6. Anything goes: 2000-2023
As the Disney Renaissance petered out, so did any kind of consistency in what kind of song is judged “Oscar-worthy”. This millennium has so far seen wins for rock legends (Bob Dylan, T-Bone Burnett); further 1990s-style Disney wins (for Monsters, Inc., Toy Story 3, The Muppets, Frozen and Coco); hip-hop beginning to see recognition, a quarter-century or so after its invention (Eminem, Three 6 Mafia, Common, H.E.R.); Bollywood sounds (“Jai Ho!”, “Naatu Naatu”); three Bond themes winning in a row, after the Academy’s bizarre failure to give awards to classic songs like “Live and Let Die” or “Nobody Does It Better”; some more traditional Oscars fare (“Shallow”, “City of Stars”), and most recently, the return of that aforementioned preference for dreary ballads, with Billie Eilish’s forgettable “What Was I Made For?” beating Mark Ronson’s instant camp classic “I’m Just Ken” (both from Barbie).
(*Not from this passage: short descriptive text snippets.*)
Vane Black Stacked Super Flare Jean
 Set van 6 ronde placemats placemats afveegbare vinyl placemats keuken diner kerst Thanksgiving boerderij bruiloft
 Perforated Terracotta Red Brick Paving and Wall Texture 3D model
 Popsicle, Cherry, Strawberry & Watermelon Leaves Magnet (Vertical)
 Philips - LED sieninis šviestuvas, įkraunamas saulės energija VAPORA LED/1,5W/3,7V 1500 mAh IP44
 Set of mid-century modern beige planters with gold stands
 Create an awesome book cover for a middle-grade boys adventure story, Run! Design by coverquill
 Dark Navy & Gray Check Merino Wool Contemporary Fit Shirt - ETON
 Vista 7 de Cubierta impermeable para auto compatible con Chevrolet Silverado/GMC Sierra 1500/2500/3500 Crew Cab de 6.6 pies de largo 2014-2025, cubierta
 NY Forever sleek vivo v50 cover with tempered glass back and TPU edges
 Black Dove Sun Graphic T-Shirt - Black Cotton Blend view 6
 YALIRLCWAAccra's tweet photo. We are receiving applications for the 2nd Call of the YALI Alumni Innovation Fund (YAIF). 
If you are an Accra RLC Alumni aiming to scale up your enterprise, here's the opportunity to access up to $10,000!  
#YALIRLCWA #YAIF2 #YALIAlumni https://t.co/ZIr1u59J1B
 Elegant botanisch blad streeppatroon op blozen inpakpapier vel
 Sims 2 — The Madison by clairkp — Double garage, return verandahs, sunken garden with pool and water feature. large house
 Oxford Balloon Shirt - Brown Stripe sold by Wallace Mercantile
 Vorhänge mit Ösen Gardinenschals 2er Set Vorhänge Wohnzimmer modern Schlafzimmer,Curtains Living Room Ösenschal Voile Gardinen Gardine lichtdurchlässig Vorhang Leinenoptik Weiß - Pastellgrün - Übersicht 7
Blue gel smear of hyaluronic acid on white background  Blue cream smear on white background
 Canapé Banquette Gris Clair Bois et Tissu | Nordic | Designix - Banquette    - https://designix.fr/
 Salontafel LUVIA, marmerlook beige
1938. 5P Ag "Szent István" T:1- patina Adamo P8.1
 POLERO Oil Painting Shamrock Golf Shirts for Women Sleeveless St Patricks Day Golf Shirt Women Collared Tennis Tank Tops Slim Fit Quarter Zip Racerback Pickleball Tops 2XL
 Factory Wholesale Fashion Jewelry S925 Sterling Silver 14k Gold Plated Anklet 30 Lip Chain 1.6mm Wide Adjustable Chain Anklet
And there you are! 90 songs, including many of the best-known songs in the world, boiled down into six simple eras. Perhaps we’ll enter a new era soon. I hope so, but they’re probably difficult to identify until after they’re over.
*This year sees the 96th Academy Awards, but the song category didn’t exist until 1934.
**No instrumental has ever won, and I’m pretty sure they’re not eligible. But “Theme from Shaft” comes very close to being an instrumental.